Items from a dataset
= = =

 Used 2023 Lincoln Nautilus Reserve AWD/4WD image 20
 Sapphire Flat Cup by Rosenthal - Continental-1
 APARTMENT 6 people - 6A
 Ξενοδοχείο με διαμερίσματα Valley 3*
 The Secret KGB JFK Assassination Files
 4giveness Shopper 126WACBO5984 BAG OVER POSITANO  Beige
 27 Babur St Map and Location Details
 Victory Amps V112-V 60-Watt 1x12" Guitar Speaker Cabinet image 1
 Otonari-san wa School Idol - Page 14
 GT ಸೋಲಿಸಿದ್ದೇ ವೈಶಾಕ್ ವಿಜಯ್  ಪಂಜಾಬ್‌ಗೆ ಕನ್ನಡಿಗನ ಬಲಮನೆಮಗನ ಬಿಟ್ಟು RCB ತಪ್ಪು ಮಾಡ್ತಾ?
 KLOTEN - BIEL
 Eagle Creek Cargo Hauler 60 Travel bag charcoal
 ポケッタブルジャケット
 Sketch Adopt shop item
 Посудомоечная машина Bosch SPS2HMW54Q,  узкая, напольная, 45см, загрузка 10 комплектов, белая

= = =

WHAT NEEDS TO BE DONE. If a line in the entries above contains "image", report it.

YOUR RESPONSE.
 Used 2023 Lincoln Nautilus Reserve AWD/4WD image 20
 Victory Amps V112-V 60-Watt 1x12" Guitar Speaker Cabinet image 1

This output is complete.